Friday, May 23, 2014

Spicy groundnut fries (Vaerkadalai pakoda/ kara vaerkadalai)

Spicy groundnut fries (Vaerkadalai pakoda/ kara vaerkadalai)
Another yummy snack from mommy's cookbook or hand. I wonder home come our mom/grandmom... tried this much recipes for our small tummy. That too delicious, with nutritional values, different, according to season, taste... no word's to explain. I am coming to recipe now.


En-Anubhavam

Ingredients:-
Groundnut - 1 cup
Bengal gram flour - 2 tbsp
Red chili powder - 1/4 tsp
Salt - to taste
Rice flour - 1 tbsp
Oil - to deep fry
Asafoetida - a pinch
Water - to sprinkle

Preparation method:-
Soak the dry groundnut in water for 5 to 10 mins so that the skin will become slightly soft which will make the flour mixture to stick.
Mix bengal gram flour, rice flour, salt, chili powder, asafoetida. Check spice and salt level to your taste.
Filter the water after 10 mins and keep the groundnut.
In a bowl take handful of soaked groundnut, mix the flour mixture to the groundnut so that it is coated well. If required slightly sprinkle water.
Heat oil in kadai. Keep in medium flame and add the flour mixture coated groundnut and cook in slow flame so that the groundnut will become crispy and golden brown.
Careful while frying because some groundnut's might splutter. If cooked in highflame the groundnut will be burnt.

Tuesday, May 13, 2014

Bitter gourd sweet dry curry (pakkarkai inippu poriyal)

Bitter gourd sweet dry curry (pakkarkai inippu poriyal) - Preparation time 15 mins
My dad like sweet bitter gourd curry so mom used to make bitter gourd as below. It will surely taste different i.e bitter, sweet, spicy. Goes well with rasam rice. I like to eat this curry even without rice so i used to finish this before I start my lunch :-).

Ingredients:-
Bitter gourd - chopped 1 cup
Red Chili powder or Sambar powder - 2 tsp or according to your spice level
Turmeric powder - 1/4 tsp
Salt - to taste
Sugar - 1 tbsp or 2 as per you taste
Water - to cook bitter gourd
Sesame oil - 2 tbsp
Mustard - 1/4 tsp
Urad dhal - 1 tsp

Preparation method:-
In a vessel add water, turmeric, sambar powder (if you are using red chili powder you can add while you garnish and fry the bitter gourd), salt and boil. Add chopped bitter gourd and cook till the vegetable is tender. (Add only required amount of water).
In a tawa heat sesame oil, mustard to splutter, urad dhal should be brown. Now add cooked bitter gourd and fry till the excess water evaporates.
Add the sugar and sortae. The sugar will be coated evenly. Dry curry will be bitter only. Additionally you feel the spicy & sweet taste.

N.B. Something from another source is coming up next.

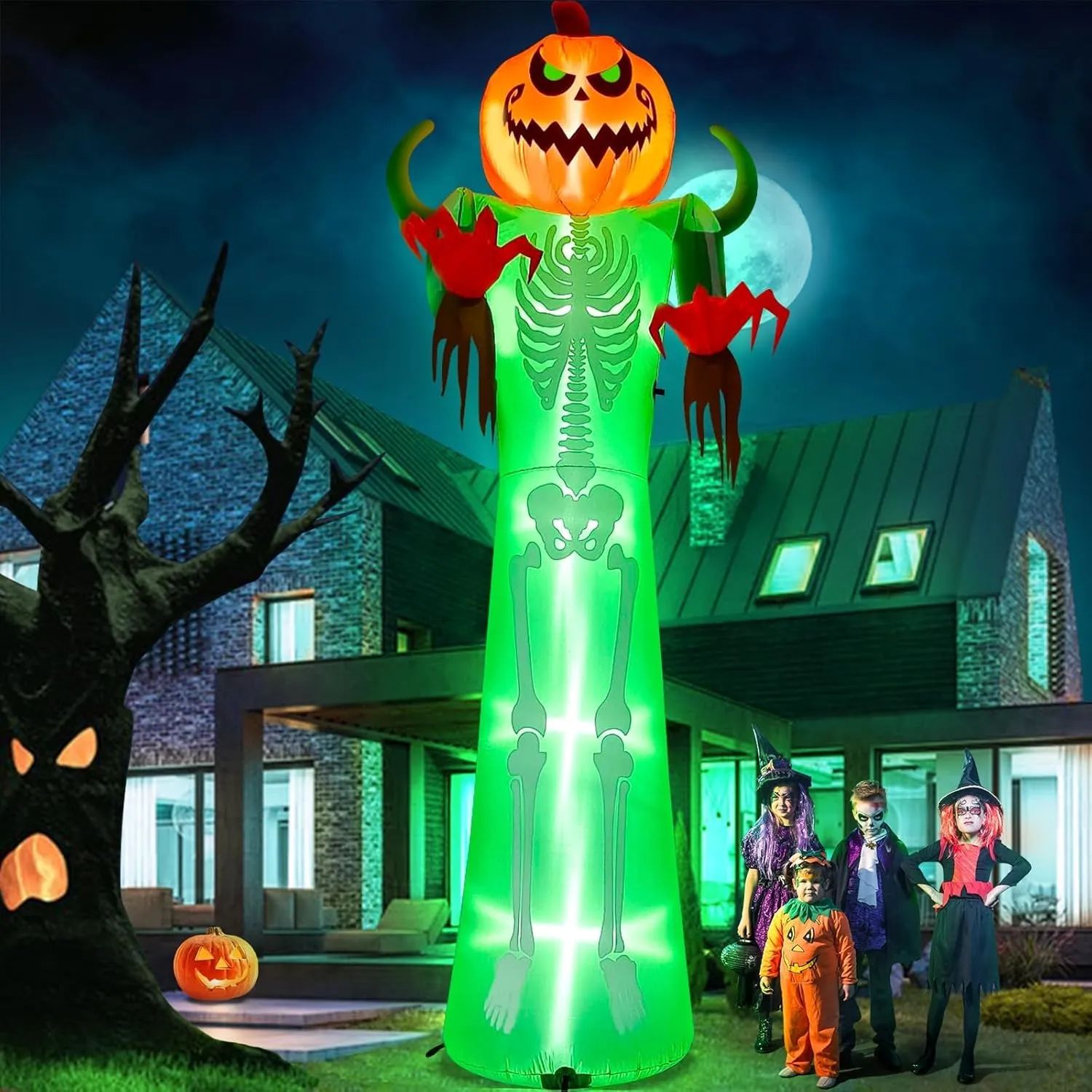 Inflable Halloween - Oferta en Amazon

Note : Dark green coloured bitter gourd will be very bitter. You can wash the cut bitter gourd pieces using rice washed water (arisi kazhuviaya thaneer). You can cut bitter gourd into two and place the cut portion in the clean floor. These are some methods people used to follow to remove the bitterness. Anyway these things wont help much it is good to take the curry by enjoying and loving the bitterness of the vegetable.

Pasiparuppu thogayal (Mung dhal rice paste)

Pasiparuppu thogayal (Mung dhal rice paste) - preparation time 10 mins
Last month when I went to village mom made this thogayal. I haven't tasted this thogayal before. I asked is it new she told no  and in villages we used to grow mung dhal in our agriculture land's along with urad dhal so that will be in abundant when compared toor dhal. She told the method is same as thuvaram paruppu thogayal. Thogayal taste was same but the flavor differed.

Ingredients:-
Mung dhal(Pasiparuppu) - 50 gms (or handful)
Red chili - 2
Pepper - 6
Garlic - 5 pods (If you don't like garlic you can make even without garlic) 
Sesame oil - 1 or 2 tbsp
Salt - to taste
Water - little

Preparation method:-
Roast pasiparupu dhal with little oil. When it roasted slightly add red chili, pepper and roast till it is golden brown.
When roasted switch of the flame and add garlic. Sortae for few mins and add water.
Let the ingredients cool.
Grind roasted ingredients with required amount of salt and water if required.
Don’t make it to fine paste then it will be sticky. 
Serve pasiparupu thogayal with ghee and hot rice.